▶ [Stored data]

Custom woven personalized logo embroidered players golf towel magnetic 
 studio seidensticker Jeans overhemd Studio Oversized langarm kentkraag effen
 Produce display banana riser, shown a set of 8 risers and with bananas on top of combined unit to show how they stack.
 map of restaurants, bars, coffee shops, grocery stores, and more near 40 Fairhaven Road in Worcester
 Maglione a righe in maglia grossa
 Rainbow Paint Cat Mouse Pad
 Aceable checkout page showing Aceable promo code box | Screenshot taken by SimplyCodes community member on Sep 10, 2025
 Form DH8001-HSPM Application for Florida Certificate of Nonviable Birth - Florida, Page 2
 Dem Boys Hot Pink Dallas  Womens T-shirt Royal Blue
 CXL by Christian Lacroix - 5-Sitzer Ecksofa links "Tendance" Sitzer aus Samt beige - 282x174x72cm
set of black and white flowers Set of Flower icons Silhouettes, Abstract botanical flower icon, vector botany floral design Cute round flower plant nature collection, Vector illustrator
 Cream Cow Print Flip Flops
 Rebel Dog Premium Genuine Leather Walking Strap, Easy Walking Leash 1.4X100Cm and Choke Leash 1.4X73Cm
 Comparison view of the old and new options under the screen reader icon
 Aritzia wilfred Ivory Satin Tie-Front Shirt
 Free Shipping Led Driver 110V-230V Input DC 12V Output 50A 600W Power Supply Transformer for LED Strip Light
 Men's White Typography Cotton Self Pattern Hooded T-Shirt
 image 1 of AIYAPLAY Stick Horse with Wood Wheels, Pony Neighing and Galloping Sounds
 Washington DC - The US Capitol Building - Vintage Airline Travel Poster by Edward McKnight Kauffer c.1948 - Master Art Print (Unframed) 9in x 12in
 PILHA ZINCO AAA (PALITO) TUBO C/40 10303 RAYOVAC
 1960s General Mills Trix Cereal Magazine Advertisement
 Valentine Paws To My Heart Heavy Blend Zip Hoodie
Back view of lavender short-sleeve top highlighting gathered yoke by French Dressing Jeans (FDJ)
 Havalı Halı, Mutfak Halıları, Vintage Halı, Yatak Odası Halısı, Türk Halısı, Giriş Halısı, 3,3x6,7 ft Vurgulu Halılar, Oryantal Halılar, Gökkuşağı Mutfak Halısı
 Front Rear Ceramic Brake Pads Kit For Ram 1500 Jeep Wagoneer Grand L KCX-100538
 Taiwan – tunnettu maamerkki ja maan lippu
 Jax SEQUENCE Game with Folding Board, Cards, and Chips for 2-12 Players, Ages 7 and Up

▶ [Aim of the exercise] In the entries above, the lines from the one bearing "set of black" up to and including the one bearing "image 1 of AIYAPLAY" should be transcribed exactly; no other line is wanted.

▶ [Solution for this task]
set of black and white flowers Set of Flower icons Silhouettes, Abstract botanical flower icon, vector botany floral design Cute round flower plant nature collection, Vector illustrator
 Cream Cow Print Flip Flops
 Rebel Dog Premium Genuine Leather Walking Strap, Easy Walking Leash 1.4X100Cm and Choke Leash 1.4X73Cm
 Comparison view of the old and new options under the screen reader icon
 Aritzia wilfred Ivory Satin Tie-Front Shirt
 Free Shipping Led Driver 110V-230V Input DC 12V Output 50A 600W Power Supply Transformer for LED Strip Light
 Men's White Typography Cotton Self Pattern Hooded T-Shirt
 image 1 of AIYAPLAY Stick Horse with Wood Wheels, Pony Neighing and Galloping Sounds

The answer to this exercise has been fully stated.